Se il nome di Hillary dovesse essere davvero presente sugli scanner elettorali, la sua candidatura rischierebbe di oscurare qualsiasi altra donna: troppo potente per una Harris qualsiasi. La senatrice californiana, in caso, sarebbe costretta a una rincorsa in stile Obama: non è detto che l’impresa non le riesca. 

Beto O’Rourke doveva svecchiare il partito partendo dal Texas, ma Ted Cruz lo ha ridotto a perdente di successo. Potrebbe tentare lo stesso, ma una sconfitta non è quasi mai un buon modo di fare il proprio ingresso nell’arena delle primarie. Non ci siamo dimenticati dei lib – dem.

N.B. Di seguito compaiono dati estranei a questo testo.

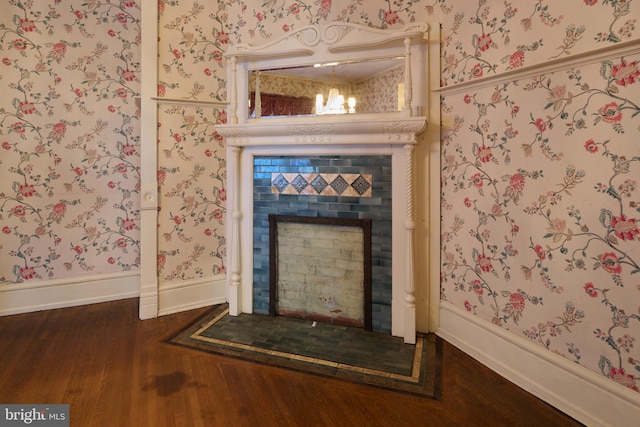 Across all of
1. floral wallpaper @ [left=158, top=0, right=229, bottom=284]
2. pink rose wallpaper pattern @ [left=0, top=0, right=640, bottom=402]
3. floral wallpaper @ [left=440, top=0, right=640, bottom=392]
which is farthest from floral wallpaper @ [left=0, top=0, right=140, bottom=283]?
floral wallpaper @ [left=440, top=0, right=640, bottom=392]

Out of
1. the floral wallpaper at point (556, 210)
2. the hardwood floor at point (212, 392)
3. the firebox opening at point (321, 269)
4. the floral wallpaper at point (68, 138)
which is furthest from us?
the floral wallpaper at point (68, 138)

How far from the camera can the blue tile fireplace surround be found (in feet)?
6.90

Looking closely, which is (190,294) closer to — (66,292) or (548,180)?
(66,292)

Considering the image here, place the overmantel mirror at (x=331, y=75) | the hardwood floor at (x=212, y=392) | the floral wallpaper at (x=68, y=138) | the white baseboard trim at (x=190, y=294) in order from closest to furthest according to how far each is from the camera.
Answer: the hardwood floor at (x=212, y=392) → the overmantel mirror at (x=331, y=75) → the floral wallpaper at (x=68, y=138) → the white baseboard trim at (x=190, y=294)

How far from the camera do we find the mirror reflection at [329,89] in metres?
2.06

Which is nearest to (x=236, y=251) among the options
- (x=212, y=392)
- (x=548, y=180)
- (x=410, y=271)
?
(x=212, y=392)

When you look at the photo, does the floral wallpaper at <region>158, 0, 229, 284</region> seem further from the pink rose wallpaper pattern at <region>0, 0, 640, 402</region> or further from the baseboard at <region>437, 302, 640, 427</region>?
the baseboard at <region>437, 302, 640, 427</region>

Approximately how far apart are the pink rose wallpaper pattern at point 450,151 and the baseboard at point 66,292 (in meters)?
0.07

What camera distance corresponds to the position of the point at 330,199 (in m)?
2.21

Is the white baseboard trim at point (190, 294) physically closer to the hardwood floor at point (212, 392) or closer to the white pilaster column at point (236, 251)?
the white pilaster column at point (236, 251)

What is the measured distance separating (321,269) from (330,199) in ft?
1.64

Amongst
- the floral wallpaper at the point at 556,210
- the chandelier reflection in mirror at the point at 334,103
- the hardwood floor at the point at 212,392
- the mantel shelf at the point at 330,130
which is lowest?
the hardwood floor at the point at 212,392

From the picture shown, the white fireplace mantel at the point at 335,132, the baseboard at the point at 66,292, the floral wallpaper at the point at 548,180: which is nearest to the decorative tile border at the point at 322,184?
the white fireplace mantel at the point at 335,132

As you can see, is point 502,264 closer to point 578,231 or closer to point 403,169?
point 578,231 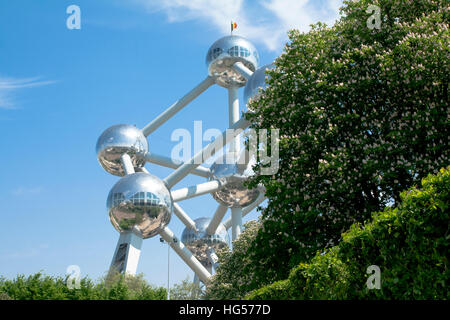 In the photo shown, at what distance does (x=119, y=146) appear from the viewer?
40.9 meters

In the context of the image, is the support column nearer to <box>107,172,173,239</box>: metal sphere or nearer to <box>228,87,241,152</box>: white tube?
<box>107,172,173,239</box>: metal sphere

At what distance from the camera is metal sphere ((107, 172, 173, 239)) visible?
33750 millimetres

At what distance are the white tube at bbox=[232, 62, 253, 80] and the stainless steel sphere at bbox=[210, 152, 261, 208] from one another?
640 cm

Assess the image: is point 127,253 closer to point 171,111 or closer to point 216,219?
point 216,219

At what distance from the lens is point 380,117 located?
17906mm

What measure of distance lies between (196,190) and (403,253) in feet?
111

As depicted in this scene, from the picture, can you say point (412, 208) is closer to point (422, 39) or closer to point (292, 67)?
point (422, 39)

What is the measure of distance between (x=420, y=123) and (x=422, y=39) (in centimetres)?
263

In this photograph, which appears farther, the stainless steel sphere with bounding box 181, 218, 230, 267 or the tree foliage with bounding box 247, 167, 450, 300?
the stainless steel sphere with bounding box 181, 218, 230, 267

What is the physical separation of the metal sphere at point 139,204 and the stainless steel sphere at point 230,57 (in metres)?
13.9

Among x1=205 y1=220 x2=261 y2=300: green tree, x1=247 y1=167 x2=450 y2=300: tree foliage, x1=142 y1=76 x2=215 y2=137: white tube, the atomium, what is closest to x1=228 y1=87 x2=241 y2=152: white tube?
the atomium

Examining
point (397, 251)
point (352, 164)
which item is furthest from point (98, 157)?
point (397, 251)

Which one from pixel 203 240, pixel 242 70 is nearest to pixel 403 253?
pixel 242 70

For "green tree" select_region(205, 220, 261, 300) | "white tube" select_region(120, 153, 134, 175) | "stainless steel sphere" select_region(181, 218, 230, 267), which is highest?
"white tube" select_region(120, 153, 134, 175) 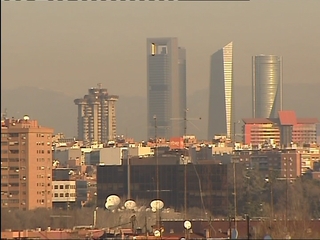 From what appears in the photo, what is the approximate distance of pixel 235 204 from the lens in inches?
1907

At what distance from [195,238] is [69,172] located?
49235 mm

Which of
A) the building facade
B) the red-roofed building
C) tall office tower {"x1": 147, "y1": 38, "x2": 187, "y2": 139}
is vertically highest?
tall office tower {"x1": 147, "y1": 38, "x2": 187, "y2": 139}

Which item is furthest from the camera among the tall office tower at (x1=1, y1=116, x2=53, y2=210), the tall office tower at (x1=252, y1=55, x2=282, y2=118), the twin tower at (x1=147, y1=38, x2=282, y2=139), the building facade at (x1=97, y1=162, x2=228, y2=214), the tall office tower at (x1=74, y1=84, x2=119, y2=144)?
the tall office tower at (x1=252, y1=55, x2=282, y2=118)

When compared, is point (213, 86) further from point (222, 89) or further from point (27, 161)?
point (27, 161)

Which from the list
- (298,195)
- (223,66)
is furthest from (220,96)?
(298,195)

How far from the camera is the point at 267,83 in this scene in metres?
183

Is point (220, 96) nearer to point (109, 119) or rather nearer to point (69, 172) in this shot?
point (109, 119)

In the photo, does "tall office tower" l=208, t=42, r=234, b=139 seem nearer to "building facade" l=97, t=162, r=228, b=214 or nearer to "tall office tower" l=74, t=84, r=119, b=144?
"tall office tower" l=74, t=84, r=119, b=144

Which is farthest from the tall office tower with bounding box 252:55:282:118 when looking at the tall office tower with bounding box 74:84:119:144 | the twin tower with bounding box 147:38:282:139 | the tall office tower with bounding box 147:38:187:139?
the tall office tower with bounding box 74:84:119:144

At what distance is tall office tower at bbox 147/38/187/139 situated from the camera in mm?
115250

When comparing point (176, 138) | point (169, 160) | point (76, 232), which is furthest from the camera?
point (176, 138)

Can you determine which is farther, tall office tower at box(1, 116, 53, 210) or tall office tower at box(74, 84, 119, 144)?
tall office tower at box(74, 84, 119, 144)

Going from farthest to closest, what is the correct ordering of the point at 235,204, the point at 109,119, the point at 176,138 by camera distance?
the point at 109,119 → the point at 176,138 → the point at 235,204

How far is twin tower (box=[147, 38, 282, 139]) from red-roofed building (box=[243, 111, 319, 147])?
2272 mm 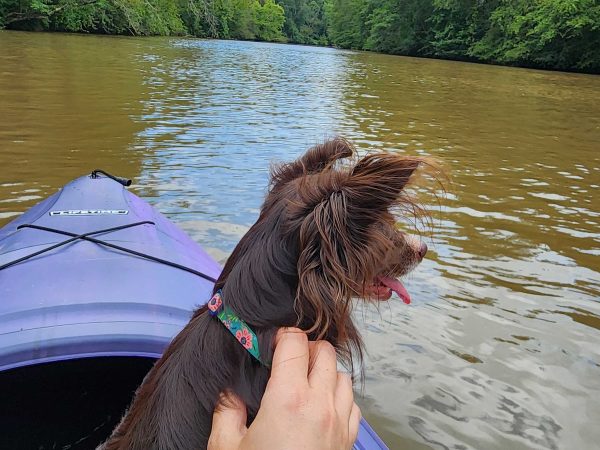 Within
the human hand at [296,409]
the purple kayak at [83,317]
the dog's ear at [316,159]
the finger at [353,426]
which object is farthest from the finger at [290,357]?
the purple kayak at [83,317]

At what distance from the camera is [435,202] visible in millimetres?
1452

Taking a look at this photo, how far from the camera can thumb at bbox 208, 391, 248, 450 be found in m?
1.13

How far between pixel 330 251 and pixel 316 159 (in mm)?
372

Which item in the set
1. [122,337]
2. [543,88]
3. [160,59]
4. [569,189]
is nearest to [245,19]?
[160,59]

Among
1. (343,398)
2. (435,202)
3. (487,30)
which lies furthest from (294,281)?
(487,30)

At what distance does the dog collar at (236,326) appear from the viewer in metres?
1.24

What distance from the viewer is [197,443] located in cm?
124

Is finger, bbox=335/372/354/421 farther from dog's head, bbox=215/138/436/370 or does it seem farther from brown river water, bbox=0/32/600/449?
brown river water, bbox=0/32/600/449

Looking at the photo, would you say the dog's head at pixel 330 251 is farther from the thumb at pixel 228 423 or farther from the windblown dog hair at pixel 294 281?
the thumb at pixel 228 423

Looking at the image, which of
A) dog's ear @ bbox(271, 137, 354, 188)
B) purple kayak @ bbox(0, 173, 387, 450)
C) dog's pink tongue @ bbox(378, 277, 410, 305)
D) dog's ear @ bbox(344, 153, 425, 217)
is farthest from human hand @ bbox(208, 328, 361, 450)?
purple kayak @ bbox(0, 173, 387, 450)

Il ritorno dei moderati non si è verificato. Le mid – term hanno rafforzato la corrente più a sinsitra. Andrew Cuomo e Bill de Blasio hanno ancora un paio d’assi nella manica, ma con la Clinton in campo le loro candidature sarebbero idealmente sovrapposte dalla potenza di fuoco di chi, meglio di loro, è in grado di corrispondere i reclami della borghesia centrista americana. 

Un’altra figura da valutare è quella di Eric Holder, già Procuratore generale degli Stati Uniti ed etichettabilecome un’espressione dell’amministrazione Obama. Trump lo ha preso di mira nel corso dell’ultima campaign. Qualcuno, dalle parti del cosiddetto Deep State, potrebbe aver pensato a lui. Sarebbe come certificare che l’unico a poter reggere le redini degli asinelli è ancora il primo presidente afroamericano della storia degli States. 

Infine vanno citate le suggestioni: Michael Bloomberg, ex sindaco di New York, già repubblicano, indipendente e democratico: se ne parla da tempi non sospetti, ma optando per il quattordicesimo uomo più ricco del mondo, gli asinelli ammetterebbero di non avere risorse utili, nel senso politico dell’espressione, in casa.

La candidatura di Oprah Winfrey si è già sgonfiata. Howard Schultz, ex vertice di Starbucks, starebbe già muovendo le sue pedine in vista delle presidenziali. Come reagirà l’opinione pubblica? Le proposte troppo esterne alle due principali formazioni politiche, a parte Trump, non hanno mai attecchito. 

La scacchiera, come vedete, è parecchio trafficata. “Grande è la confusione sotto il cielo: la situazione è eccellente”. Questo adagio, com’è noto, è attribuibile a Mao – Tse Tung. Adesso potrebbe essere citato anche dalle parti del quartier generale per #Trump2020, lo stesso che avrebbe già rastrellato 106 milioni di dollari in vista delle presidenziali.